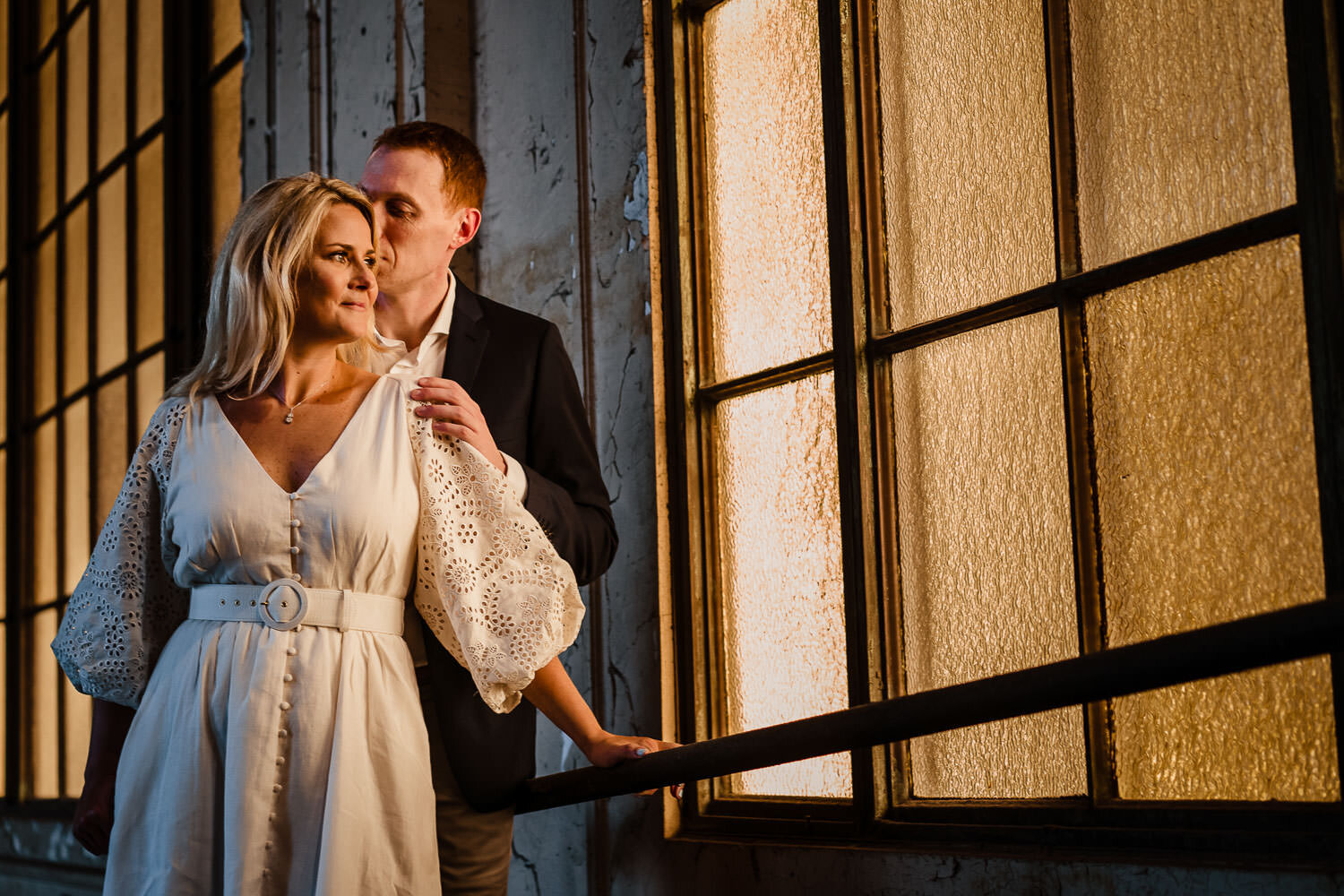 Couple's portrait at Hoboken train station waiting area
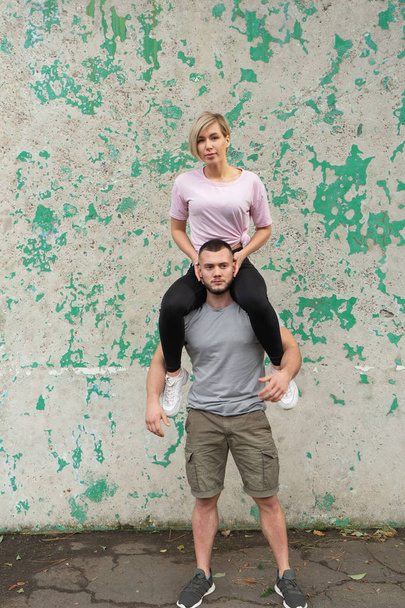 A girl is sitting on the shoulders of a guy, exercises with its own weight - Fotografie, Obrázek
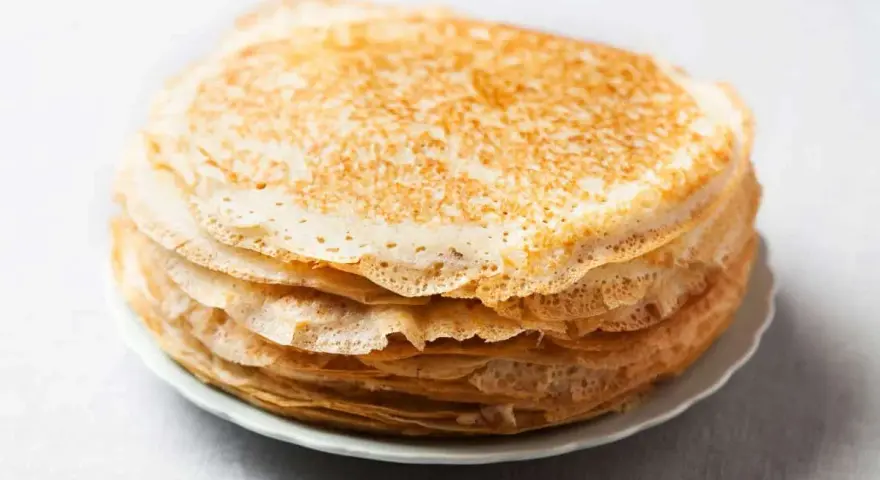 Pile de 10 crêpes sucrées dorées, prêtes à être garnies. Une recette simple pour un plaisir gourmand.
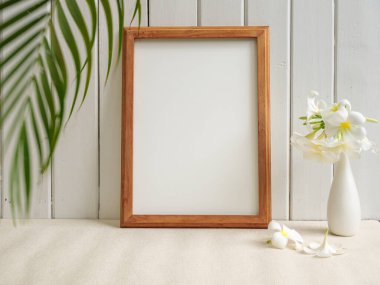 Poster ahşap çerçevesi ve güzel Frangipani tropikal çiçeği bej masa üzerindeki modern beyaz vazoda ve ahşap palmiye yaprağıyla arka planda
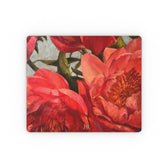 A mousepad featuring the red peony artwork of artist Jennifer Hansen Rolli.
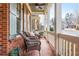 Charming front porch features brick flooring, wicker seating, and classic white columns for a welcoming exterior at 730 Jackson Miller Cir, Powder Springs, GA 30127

---

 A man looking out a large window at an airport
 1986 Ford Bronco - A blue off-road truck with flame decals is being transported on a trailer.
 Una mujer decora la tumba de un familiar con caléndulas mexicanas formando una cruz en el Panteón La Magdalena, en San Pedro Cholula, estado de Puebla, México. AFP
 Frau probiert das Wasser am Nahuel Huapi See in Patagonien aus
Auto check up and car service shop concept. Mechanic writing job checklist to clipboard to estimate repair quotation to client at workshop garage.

• [Task to complete]
Look above for the line with "A mousepad featuring" and copy exactly from it through the line with "Charming front porch", both included. Omit the pictures.

• [Task response]
 A mousepad featuring the red peony artwork of artist Jennifer Hansen Rolli.
 Charming front porch features brick flooring, wicker seating, and classic white columns for a welcoming exterior at 730 Jackson Miller Cir, Powder Springs, GA 30127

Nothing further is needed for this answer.